We use some of our own cash, but you have to look at the opportunity cost.

The interesting part has been the interest rates. We started out borrowing
hard money at 14% and are down to 7-8% now depending on the lender. Lots of
cash out there chasing returns.

------
ProfessorLayton
The upcoming changes in the tax code certainly did not help the housing
market:

\- The new SALT cap is extremely low, particularly if you own a home in the
Bay Area. 10K! Mitigative solution: Stay put and keep current tax base,
hampering both supply and demand (for a nicer home)

\- The doubled standard deduction made owning _with a mortgage_ less
attractive (But a win overall once your loan is paid off enough).
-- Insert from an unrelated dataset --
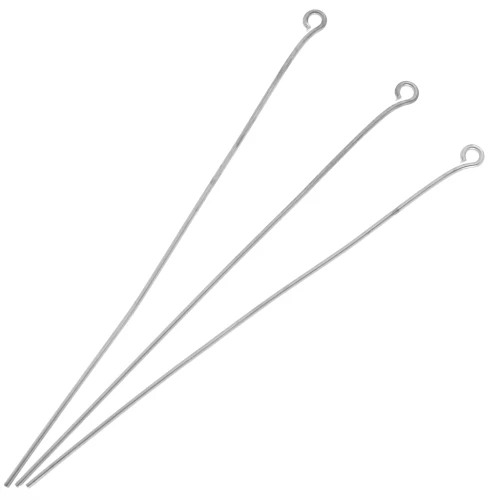 Clous tête ronde 70x0.7 mm - Argenté x10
\- Mortgage interest deduction lowered from 1M to 750K (I believe it's 1/2 if
you're buying alone). Houses are so expensive here this actually matters. On
the supply side: More post-tax money + higher interest rates means those who
locked into great rates won't want to sell, or want to buy a more expensive
home. On the demand side: All of the above means everything just got even more
expensive.

EDIT: Regardless of what your stance is on mortgage interest deductions,
there's no doubt that the upcoming tax code changes threw cold water onto the
housing market.

This wouldn't be such an issue if there was more supply in the first place,
but here we are.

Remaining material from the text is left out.